Raw data section start

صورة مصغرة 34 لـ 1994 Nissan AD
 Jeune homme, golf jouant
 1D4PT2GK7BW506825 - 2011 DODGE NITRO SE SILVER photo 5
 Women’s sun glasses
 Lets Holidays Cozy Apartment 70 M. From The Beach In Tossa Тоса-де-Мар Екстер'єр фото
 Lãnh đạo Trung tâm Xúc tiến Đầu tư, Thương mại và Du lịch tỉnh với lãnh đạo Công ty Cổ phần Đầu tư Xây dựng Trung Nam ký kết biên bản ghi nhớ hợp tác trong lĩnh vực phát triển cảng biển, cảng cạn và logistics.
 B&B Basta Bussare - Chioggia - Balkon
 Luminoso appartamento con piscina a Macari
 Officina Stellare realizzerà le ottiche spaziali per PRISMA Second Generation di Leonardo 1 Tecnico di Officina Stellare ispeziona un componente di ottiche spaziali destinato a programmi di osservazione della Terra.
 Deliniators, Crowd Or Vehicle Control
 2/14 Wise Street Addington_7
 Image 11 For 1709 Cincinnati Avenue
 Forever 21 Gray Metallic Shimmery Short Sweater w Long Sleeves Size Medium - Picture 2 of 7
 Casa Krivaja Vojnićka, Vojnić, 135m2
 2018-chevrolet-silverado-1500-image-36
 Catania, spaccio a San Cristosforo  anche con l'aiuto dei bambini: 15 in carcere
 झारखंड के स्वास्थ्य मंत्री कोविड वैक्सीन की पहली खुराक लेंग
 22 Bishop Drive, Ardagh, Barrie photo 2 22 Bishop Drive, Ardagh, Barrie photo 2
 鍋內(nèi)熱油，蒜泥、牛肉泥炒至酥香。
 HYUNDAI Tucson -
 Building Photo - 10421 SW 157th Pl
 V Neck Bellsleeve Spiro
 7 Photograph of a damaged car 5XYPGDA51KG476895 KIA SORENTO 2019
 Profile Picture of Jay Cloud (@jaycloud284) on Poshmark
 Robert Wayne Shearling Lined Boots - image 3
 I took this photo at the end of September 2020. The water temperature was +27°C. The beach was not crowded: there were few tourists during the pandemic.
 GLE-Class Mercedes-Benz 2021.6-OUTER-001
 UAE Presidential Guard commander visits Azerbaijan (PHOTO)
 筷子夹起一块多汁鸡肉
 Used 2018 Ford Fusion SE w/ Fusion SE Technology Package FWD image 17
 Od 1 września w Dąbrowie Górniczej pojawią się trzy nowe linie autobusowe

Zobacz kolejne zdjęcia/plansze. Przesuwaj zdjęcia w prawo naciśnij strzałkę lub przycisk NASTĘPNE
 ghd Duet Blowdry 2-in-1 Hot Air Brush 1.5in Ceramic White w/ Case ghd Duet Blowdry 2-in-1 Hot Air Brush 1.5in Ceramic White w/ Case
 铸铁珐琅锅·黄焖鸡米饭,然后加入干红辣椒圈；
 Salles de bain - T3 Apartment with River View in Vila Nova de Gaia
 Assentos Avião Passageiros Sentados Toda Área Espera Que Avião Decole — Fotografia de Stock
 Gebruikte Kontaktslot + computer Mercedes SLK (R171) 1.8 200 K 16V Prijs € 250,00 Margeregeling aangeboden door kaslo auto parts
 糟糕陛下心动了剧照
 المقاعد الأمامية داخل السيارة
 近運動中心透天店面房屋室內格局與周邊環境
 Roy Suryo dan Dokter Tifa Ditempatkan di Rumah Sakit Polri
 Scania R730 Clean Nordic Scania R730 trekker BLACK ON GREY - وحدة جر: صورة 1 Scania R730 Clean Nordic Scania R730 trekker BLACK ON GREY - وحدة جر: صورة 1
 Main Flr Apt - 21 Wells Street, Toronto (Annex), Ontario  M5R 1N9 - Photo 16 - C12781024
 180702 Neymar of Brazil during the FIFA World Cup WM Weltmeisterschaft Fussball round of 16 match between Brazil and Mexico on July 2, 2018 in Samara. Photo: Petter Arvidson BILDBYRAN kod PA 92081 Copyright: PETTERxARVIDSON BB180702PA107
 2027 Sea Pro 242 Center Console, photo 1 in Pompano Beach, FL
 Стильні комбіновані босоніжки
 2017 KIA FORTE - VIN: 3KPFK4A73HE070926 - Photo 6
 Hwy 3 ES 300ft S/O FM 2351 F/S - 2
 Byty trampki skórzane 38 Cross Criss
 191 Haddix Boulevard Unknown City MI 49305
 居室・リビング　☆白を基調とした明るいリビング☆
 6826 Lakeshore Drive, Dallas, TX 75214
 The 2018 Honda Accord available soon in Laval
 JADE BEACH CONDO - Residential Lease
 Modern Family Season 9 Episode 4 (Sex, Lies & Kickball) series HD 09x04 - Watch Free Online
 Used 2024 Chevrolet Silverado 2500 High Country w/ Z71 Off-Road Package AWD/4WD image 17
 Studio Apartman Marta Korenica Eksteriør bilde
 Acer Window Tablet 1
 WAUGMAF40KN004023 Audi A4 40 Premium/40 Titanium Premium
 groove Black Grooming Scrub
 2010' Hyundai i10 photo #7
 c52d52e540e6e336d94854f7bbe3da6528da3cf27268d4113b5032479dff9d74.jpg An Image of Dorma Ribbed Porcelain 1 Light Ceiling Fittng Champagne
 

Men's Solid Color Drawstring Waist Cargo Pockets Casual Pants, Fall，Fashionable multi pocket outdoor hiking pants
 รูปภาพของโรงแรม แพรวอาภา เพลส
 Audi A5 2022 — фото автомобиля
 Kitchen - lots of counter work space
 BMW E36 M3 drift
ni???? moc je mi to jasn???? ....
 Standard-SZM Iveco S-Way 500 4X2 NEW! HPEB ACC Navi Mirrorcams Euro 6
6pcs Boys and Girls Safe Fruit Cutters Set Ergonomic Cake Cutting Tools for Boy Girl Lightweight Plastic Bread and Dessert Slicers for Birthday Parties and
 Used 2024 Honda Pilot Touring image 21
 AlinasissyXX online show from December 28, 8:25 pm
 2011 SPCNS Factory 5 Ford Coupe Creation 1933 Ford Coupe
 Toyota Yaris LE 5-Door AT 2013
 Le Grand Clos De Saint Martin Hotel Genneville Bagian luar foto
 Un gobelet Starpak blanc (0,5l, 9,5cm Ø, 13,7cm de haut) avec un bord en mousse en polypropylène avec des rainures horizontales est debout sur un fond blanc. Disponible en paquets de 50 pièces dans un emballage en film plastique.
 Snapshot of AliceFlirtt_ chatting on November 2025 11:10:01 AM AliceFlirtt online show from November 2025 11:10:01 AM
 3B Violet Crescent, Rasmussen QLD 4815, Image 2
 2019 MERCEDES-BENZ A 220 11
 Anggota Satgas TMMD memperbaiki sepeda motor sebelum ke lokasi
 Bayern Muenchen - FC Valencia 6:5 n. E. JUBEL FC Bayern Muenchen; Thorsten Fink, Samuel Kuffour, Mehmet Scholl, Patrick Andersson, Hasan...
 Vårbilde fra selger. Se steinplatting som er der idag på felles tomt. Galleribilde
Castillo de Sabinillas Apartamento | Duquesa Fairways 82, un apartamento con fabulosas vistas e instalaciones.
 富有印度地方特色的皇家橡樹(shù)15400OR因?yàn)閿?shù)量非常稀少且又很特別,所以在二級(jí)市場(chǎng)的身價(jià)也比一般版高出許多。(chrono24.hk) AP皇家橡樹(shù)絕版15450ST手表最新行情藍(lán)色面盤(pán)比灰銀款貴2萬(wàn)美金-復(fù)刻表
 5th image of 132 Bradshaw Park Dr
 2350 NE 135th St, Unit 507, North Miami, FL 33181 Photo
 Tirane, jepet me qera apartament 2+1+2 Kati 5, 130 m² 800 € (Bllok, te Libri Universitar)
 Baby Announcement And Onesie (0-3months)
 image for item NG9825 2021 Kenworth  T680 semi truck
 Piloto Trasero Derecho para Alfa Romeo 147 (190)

Raw data section end

→ Task instructions
The data, all of it, should be transcribed exactly.

→ Task output
صورة مصغرة 34 لـ 1994 Nissan AD
 Jeune homme, golf jouant
 1D4PT2GK7BW506825 - 2011 DODGE NITRO SE SILVER photo 5
 Women’s sun glasses
 Lets Holidays Cozy Apartment 70 M. From The Beach In Tossa Тоса-де-Мар Екстер'єр фото
 Lãnh đạo Trung tâm Xúc tiến Đầu tư, Thương mại và Du lịch tỉnh với lãnh đạo Công ty Cổ phần Đầu tư Xây dựng Trung Nam ký kết biên bản ghi nhớ hợp tác trong lĩnh vực phát triển cảng biển, cảng cạn và logistics.
 B&B Basta Bussare - Chioggia - Balkon
 Luminoso appartamento con piscina a Macari
 Officina Stellare realizzerà le ottiche spaziali per PRISMA Second Generation di Leonardo 1 Tecnico di Officina Stellare ispeziona un componente di ottiche spaziali destinato a programmi di osservazione della Terra.
 Deliniators, Crowd Or Vehicle Control
 2/14 Wise Street Addington_7
 Image 11 For 1709 Cincinnati Avenue
 Forever 21 Gray Metallic Shimmery Short Sweater w Long Sleeves Size Medium - Picture 2 of 7
 Casa Krivaja Vojnićka, Vojnić, 135m2
 2018-chevrolet-silverado-1500-image-36
 Catania, spaccio a San Cristosforo  anche con l'aiuto dei bambini: 15 in carcere
 झारखंड के स्वास्थ्य मंत्री कोविड वैक्सीन की पहली खुराक लेंग
 22 Bishop Drive, Ardagh, Barrie photo 2 22 Bishop Drive, Ardagh, Barrie photo 2
 鍋內(nèi)熱油，蒜泥、牛肉泥炒至酥香。
 HYUNDAI Tucson -
 Building Photo - 10421 SW 157th Pl
 V Neck Bellsleeve Spiro
 7 Photograph of a damaged car 5XYPGDA51KG476895 KIA SORENTO 2019
 Profile Picture of Jay Cloud (@jaycloud284) on Poshmark
 Robert Wayne Shearling Lined Boots - image 3
 I took this photo at the end of September 2020. The water temperature was +27°C. The beach was not crowded: there were few tourists during the pandemic.
 GLE-Class Mercedes-Benz 2021.6-OUTER-001
 UAE Presidential Guard commander visits Azerbaijan (PHOTO)
 筷子夹起一块多汁鸡肉
 Used 2018 Ford Fusion SE w/ Fusion SE Technology Package FWD image 17
 Od 1 września w Dąbrowie Górniczej pojawią się trzy nowe linie autobusowe

Zobacz kolejne zdjęcia/plansze. Przesuwaj zdjęcia w prawo naciśnij strzałkę lub przycisk NASTĘPNE
 ghd Duet Blowdry 2-in-1 Hot Air Brush 1.5in Ceramic White w/ Case ghd Duet Blowdry 2-in-1 Hot Air Brush 1.5in Ceramic White w/ Case
 铸铁珐琅锅·黄焖鸡米饭,然后加入干红辣椒圈；
 Salles de bain - T3 Apartment with River View in Vila Nova de Gaia
 Assentos Avião Passageiros Sentados Toda Área Espera Que Avião Decole — Fotografia de Stock
 Gebruikte Kontaktslot + computer Mercedes SLK (R171) 1.8 200 K 16V Prijs € 250,00 Margeregeling aangeboden door kaslo auto parts
 糟糕陛下心动了剧照
 المقاعد الأمامية داخل السيارة
 近運動中心透天店面房屋室內格局與周邊環境
 Roy Suryo dan Dokter Tifa Ditempatkan di Rumah Sakit Polri
 Scania R730 Clean Nordic Scania R730 trekker BLACK ON GREY - وحدة جر: صورة 1 Scania R730 Clean Nordic Scania R730 trekker BLACK ON GREY - وحدة جر: صورة 1
 Main Flr Apt - 21 Wells Street, Toronto (Annex), Ontario  M5R 1N9 - Photo 16 - C12781024
 180702 Neymar of Brazil during the FIFA World Cup WM Weltmeisterschaft Fussball round of 16 match between Brazil and Mexico on July 2, 2018 in Samara. Photo: Petter Arvidson BILDBYRAN kod PA 92081 Copyright: PETTERxARVIDSON BB180702PA107
 2027 Sea Pro 242 Center Console, photo 1 in Pompano Beach, FL
 Стильні комбіновані босоніжки
 2017 KIA FORTE - VIN: 3KPFK4A73HE070926 - Photo 6
 Hwy 3 ES 300ft S/O FM 2351 F/S - 2
 Byty trampki skórzane 38 Cross Criss
 191 Haddix Boulevard Unknown City MI 49305
 居室・リビング　☆白を基調とした明るいリビング☆
 6826 Lakeshore Drive, Dallas, TX 75214
 The 2018 Honda Accord available soon in Laval
 JADE BEACH CONDO - Residential Lease
 Modern Family Season 9 Episode 4 (Sex, Lies & Kickball) series HD 09x04 - Watch Free Online
 Used 2024 Chevrolet Silverado 2500 High Country w/ Z71 Off-Road Package AWD/4WD image 17
 Studio Apartman Marta Korenica Eksteriør bilde
 Acer Window Tablet 1
 WAUGMAF40KN004023 Audi A4 40 Premium/40 Titanium Premium
 groove Black Grooming Scrub
 2010' Hyundai i10 photo #7
 c52d52e540e6e336d94854f7bbe3da6528da3cf27268d4113b5032479dff9d74.jpg An Image of Dorma Ribbed Porcelain 1 Light Ceiling Fittng Champagne
 

Men's Solid Color Drawstring Waist Cargo Pockets Casual Pants, Fall，Fashionable multi pocket outdoor hiking pants
 รูปภาพของโรงแรม แพรวอาภา เพลส
 Audi A5 2022 — фото автомобиля
 Kitchen - lots of counter work space
 BMW E36 M3 drift
ni???? moc je mi to jasn???? ....
 Standard-SZM Iveco S-Way 500 4X2 NEW! HPEB ACC Navi Mirrorcams Euro 6
6pcs Boys and Girls Safe Fruit Cutters Set Ergonomic Cake Cutting Tools for Boy Girl Lightweight Plastic Bread and Dessert Slicers for Birthday Parties and
 Used 2024 Honda Pilot Touring image 21
 AlinasissyXX online show from December 28, 8:25 pm
 2011 SPCNS Factory 5 Ford Coupe Creation 1933 Ford Coupe
 Toyota Yaris LE 5-Door AT 2013
 Le Grand Clos De Saint Martin Hotel Genneville Bagian luar foto
 Un gobelet Starpak blanc (0,5l, 9,5cm Ø, 13,7cm de haut) avec un bord en mousse en polypropylène avec des rainures horizontales est debout sur un fond blanc. Disponible en paquets de 50 pièces dans un emballage en film plastique.
 Snapshot of AliceFlirtt_ chatting on November 2025 11:10:01 AM AliceFlirtt online show from November 2025 11:10:01 AM
 3B Violet Crescent, Rasmussen QLD 4815, Image 2
 2019 MERCEDES-BENZ A 220 11
 Anggota Satgas TMMD memperbaiki sepeda motor sebelum ke lokasi
 Bayern Muenchen - FC Valencia 6:5 n. E. JUBEL FC Bayern Muenchen; Thorsten Fink, Samuel Kuffour, Mehmet Scholl, Patrick Andersson, Hasan...
 Vårbilde fra selger. Se steinplatting som er der idag på felles tomt. Galleribilde
Castillo de Sabinillas Apartamento | Duquesa Fairways 82, un apartamento con fabulosas vistas e instalaciones.
 富有印度地方特色的皇家橡樹(shù)15400OR因?yàn)閿?shù)量非常稀少且又很特別,所以在二級(jí)市場(chǎng)的身價(jià)也比一般版高出許多。(chrono24.hk) AP皇家橡樹(shù)絕版15450ST手表最新行情藍(lán)色面盤(pán)比灰銀款貴2萬(wàn)美金-復(fù)刻表
 5th image of 132 Bradshaw Park Dr
 2350 NE 135th St, Unit 507, North Miami, FL 33181 Photo
 Tirane, jepet me qera apartament 2+1+2 Kati 5, 130 m² 800 € (Bllok, te Libri Universitar)
 Baby Announcement And Onesie (0-3months)
 image for item NG9825 2021 Kenworth  T680 semi truck
 Piloto Trasero Derecho para Alfa Romeo 147 (190)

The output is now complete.